Tuesday, May 21 2013, 13:31 PM

Opinion

Conservation and economics look South

A- A A+

Conservation challenges have been numerous and difficult throughout the past few decades and have occurred in various regions of the world. But presently conservation challenges have taken on an unprecedented level of urgency and complexity.

This is primarily because we are living beyond our means; we consume the resources of our planet quicker than we can replenish them. When we do so, we are doing it in ways that are often not only irreversible but also inequitable.

While much progress has been achieved — the world’s average Human Development Index has increased by 18 percent between 1990 and 2010 — not all countries have benefited in the same way. Striking gaps in income, education, and health remain between regions of the world and also among social groups within countries.

Moreover, the risk of inter-generational inequity, the notion that our generation is currently using up the planet’s resources at the expense of future generations, is undoubtedly real.

The damages to the ecosystem and loss of biodiversity are directly undermining the well being of humans. The poor governance of natural resources is exacerbating scarcity and disproportionately affecting the security of millions of smallholders and the rural poor. The effects of climate change will further aggravate these economic and environmental inequities.

Conservation has also become increasingly complicated due to emerging and volatile economic scenarios. The global economic system, which has remained relatively stable and locked in a division between two different visions of economics and society, has increasingly converged towards a global, interdependent system based on market principles and standard ways to measure wealth (GDP).

The system however, has been rattled by frequent crises related to labor, finance, social issues, and, more recently, the environment and climate. Economic growth and rising consumption are putting unsustainable pressure on the natural environment and the planet’s bio-capacity, which is its ability to continue to provide key environmental services.

The traditional economic powerhouses of the west are now being challenged by emerging economies in the South and East of the world. New trade and investment routes have opened, linking the so-called BRIICS+ countries — Brazil, Russia, India, Indonesia, China and South Africa.

High population growth along with increasing average consumption are fueling growth and contributing to economic transformation of these countries. As a result, the economies of developing nations are expanding more rapidly than those of high-income countries. The BRIICS are expected to become the most powerful economic players by 2050.

This shift in economic paradigm has obvious implications for conservation. This shift has raised many red flags for conservationists who have to face the daunting process of mitigating environmental depletion and halting biodiversity loss in these economic hot zones.

The rapid development and growing consumption are happening in countries that have traditionally provided the most important carbon storage, rich biodiversity and other natural resources. This situation highlights how interlinked these issues are.
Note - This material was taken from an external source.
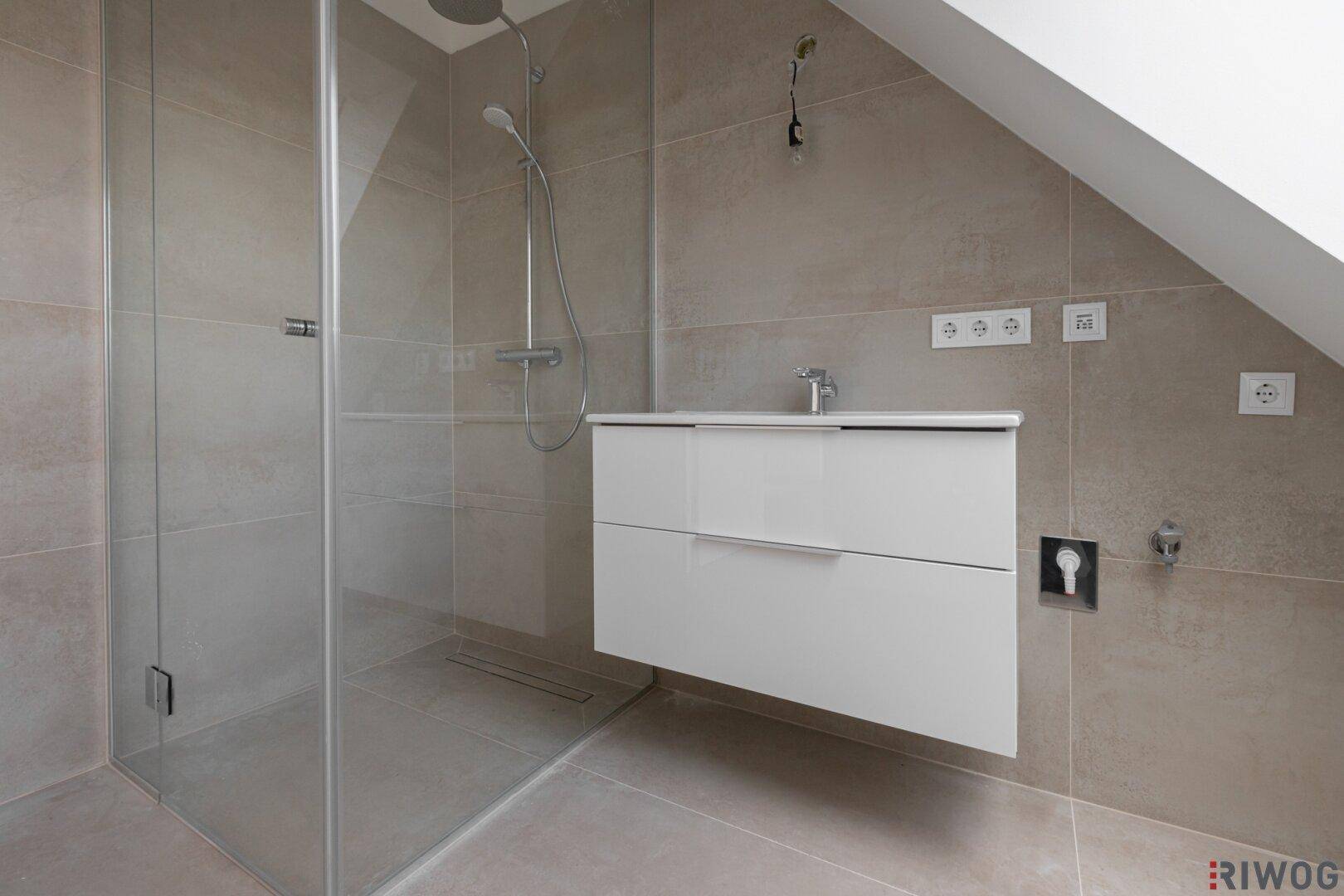 Modernes Badezimmer mit begehbarer Dusche und schwebendem Waschtisch.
It brings to light, the double challenge of conservation and development, natural resources and growth.

Indonesia, for example, has committed to a 7 percent growth while cutting emissions by 26 percent and conserving biodiversity.
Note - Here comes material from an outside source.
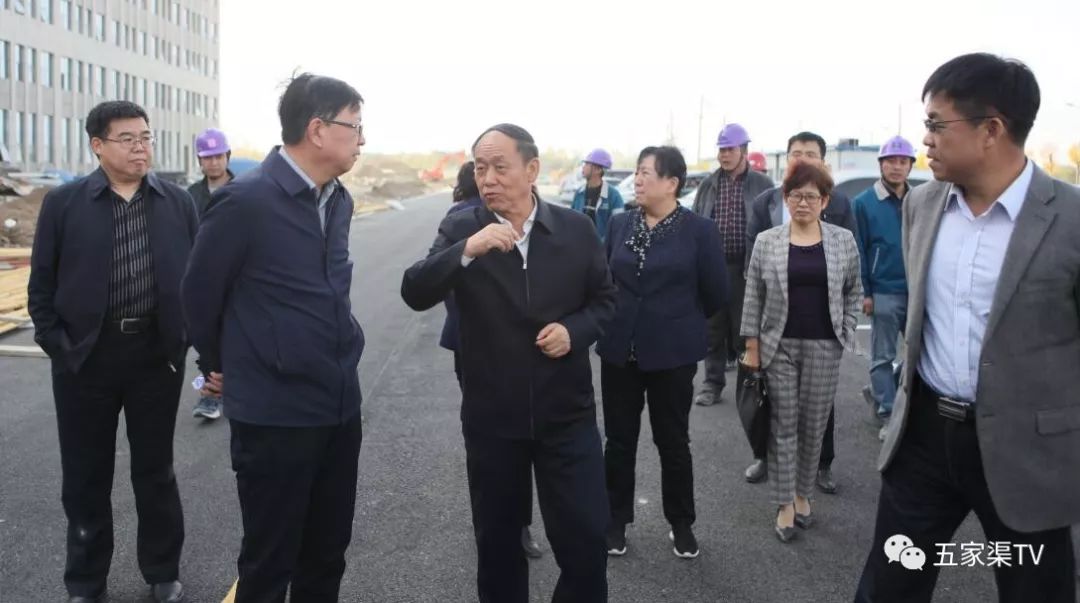 齐新平对师医院搬迁工作提出新要求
The double challenge is how to balance growth, sustainability, and equity. Frameworks are now being developed such as “Green Economies” to help bring us closer to achieving our mission.
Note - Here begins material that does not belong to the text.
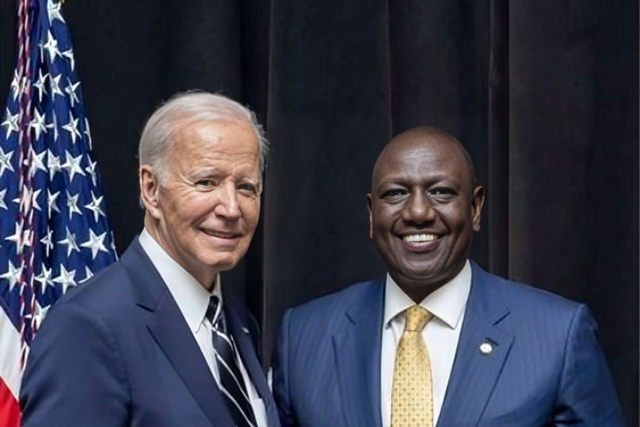 File image of US President Joe Biden (L) and Kenya’s President William Ruto posing for a picture.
There is no doubt that the current state of the world economy cannot continue at this rate without critical costs to our natural capital. We need to equip the system with tools to value and account for natural resources as a basis of sustainability.

At the same time, conservation also has to take a more holistic perspective and embrace social and economic dimensions, if the challenges of the environment, biodiversity and bio-capacity are to be overcome to secure a prosperous future for 9 or even perhaps 10 billion people who will be sharing the planet in 2050.

The path to secure more environmental, economic and social sustainability passes through the economic and policy choices of the emerging economies.

This requires fundamental changes in the way we think about development and its intersection with the environment.  It raises the need to intensify and extend the ways in which policies and public and private investments can better foster sustainable development and advance a greener and more equitable system for our economies.

The increasing geo-political influence of countries like Indonesia, Brazil, Russia, India, and China as members of the G20 can shift the debate and influence global perspectives by taking the lead on green economies and sustainable development pathways, and a new vision of well-being.

Within World Wide Fund for Nature (WWF) and other conservation organizations, the emergence of the South is an intensely discussed topic, not only because of its growing footprint and environmental threats, but also precisely because of its potential significance for managing more effectively and fairly, the competing human demands on land, forest, seas, water, and habitats to secure prosperity.

This is the kind of solution that the South can bring.

The writer is CEO of WWF-Indonesia.  He previously served as regional coordinator for South-East and East Asia for the Centre for International Forestry Research (CIFOR), chief technical adviser at the United Nations Development Programme (UNDP) in Malaysia, and project manager at the International Tropical Timber Organization (ITTO) in Yokohama, Japan.